Nous avons d’abord un conte qui suit à la lettre les trouvailles de l’auteur présent dans la narration : Jorge Luis Borges. Oswaldo Zavala ose mettre en fiction l’un des maîtres de la littérature pour montrer à quel point le désir des hommes ne peut rien contre le déclin naturel des choses. D ans « Una fábula », une photographe anglaise recule dans le temps pour empêcher à tout prix que Borges, durant un voyage en train devenu célèbre, ne devienne aveugle à cause de son addiction à la lecture. Pour son malheur elle arrive trop tard, mais l’efficacité du dialogue entre elle et Borges fait que le lecteur peut croire un instant qu’il est possible de changer ce qui a été, ce qui sera, grâce à la force du désir.
L’autre récit s’appelle « Ragoût Dingding », écrit par Omar Bravo. Dans la meilleure tradition de la fable, avec un ton extrêmement cynique, Bravo raconte un cas d’épuration idéologique entrepris par le Parti Communiste Chinois dans les années soixante. La réussite de l’histoire vient du non accomplissement d’une attente : un changement éthique qui n’a jamais lieu chez le personnage principal, un jeune « camarade », lors d’un bref échange avec un moine sur le point d’être fusillé. Au lieu de la transformation attendue, le récit nous laisse un amer arrière-goût : loin de s’apitoyer sur la grenouille, comme le lui demande le moine (« seul celui qui aura pitié de la grenouille sera libéré de lui-même »), le soldat dit : « Moi, Li Han, l’appétit animé par le vin et la joie, ai vu flotter sur la sauce exquise d’amandes et de cerises la douce et molle musculature d’une grenouille » (p 81).
Cet aperçu nous semble montrer assez bien une richesse de traitements et d’intérêts, qui peut être un jour ou un autre un danger. En référence au titre du dernier livre de Rafa Saavedra, la question qu’il faut poser à ces jeunes auteurs est la suivante : seront-ils capables de rester « Lejos del noise » (Loin du noise [bruit]) ?
Ces auteurs doivent faire face au problème qu’implique toute découverte comme le signale Julián Herbert dans son essai « Le Nord comme fantôme ». Le problème en question est celui de la connaissance d’un milieu, de sa reconnaissance, et de sa commercialisation. En effet, une fois que cette littérature aura atteint le sommet de son propre succès, les écrivains nouveaux devront faire attention à ne pas répéter les modèles acquis.

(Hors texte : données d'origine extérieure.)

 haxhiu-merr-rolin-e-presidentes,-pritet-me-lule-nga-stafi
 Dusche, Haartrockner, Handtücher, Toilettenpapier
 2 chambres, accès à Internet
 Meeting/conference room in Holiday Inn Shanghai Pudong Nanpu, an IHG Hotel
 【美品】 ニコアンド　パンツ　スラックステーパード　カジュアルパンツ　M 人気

Vouloir appartenir à cette littérature peut être une manière de chercher une expressivité liée à un endroit concret. Or, le danger serait de reproduire les résultats des auteurs précédents, et de refaire ad infinitum les mêmes sujets, les mêmes traitements, les mêmes langages. Si la mémoire historique ne nous trompe pas, on pourrait trouver un écho de ce phénomène dans le « boom » latino-américain, et plus spécifiquement dans le réalisme fantastique.

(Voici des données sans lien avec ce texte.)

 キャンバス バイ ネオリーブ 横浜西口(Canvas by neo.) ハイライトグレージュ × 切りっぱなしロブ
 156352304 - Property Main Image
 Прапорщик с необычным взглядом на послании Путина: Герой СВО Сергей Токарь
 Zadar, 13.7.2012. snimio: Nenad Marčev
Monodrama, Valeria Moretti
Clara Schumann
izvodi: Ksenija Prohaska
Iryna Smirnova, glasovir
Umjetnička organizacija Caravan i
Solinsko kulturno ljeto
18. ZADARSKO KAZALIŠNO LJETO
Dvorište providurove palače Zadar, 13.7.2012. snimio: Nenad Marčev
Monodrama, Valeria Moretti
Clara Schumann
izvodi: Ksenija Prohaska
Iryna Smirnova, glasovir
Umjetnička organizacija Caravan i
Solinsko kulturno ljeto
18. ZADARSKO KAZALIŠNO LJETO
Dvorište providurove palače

Par ailleurs, tout n’est pas négatif. Comme preuve on peut citer le cas de deux écrivains parmi les plus connus en langue espagnole, Pérez Reverte, et Roberto Bolaño. Ils ont été attirés par un sujet en provenance du Nord du Mexique et écrit sur lui : les centaines de femmes assassinées à Ciudad Juárez, dont les crimes sont presque tous impunis... Et quant à la façon de raconter ces violences, ils ont été influencés par les écrivains de la région, notamment Élmer Mendoza.
Il ne faudra pas perdre de vue alors les jeunes écrivains de cette région, car pour eux la tâche sera particulièrement difficile : bien qu’ils se sentent fiers de leurs aînés, et d’une certaine façon redevables des nouvelles voies et voix qu’ils ont défrichées, ils encourent le risque d’être écrasés par le poids de ces mêmes œuvres qui leur ont ouvert de nouveaux sentiers. Mais, on le sait, dans la littérature, l’association de la tradition et de la capacité créative produit les bons écrivains.
Du choix du local, avec les littératures du Nord ou du Grand Sud, au vaste monde sans frontières de la littérature cosmopolite de la Capitale, la littérature mexicaine se montre riche dans les voies explorées, grâce à la vivacité des manières de raconter et à la variété des thèmes.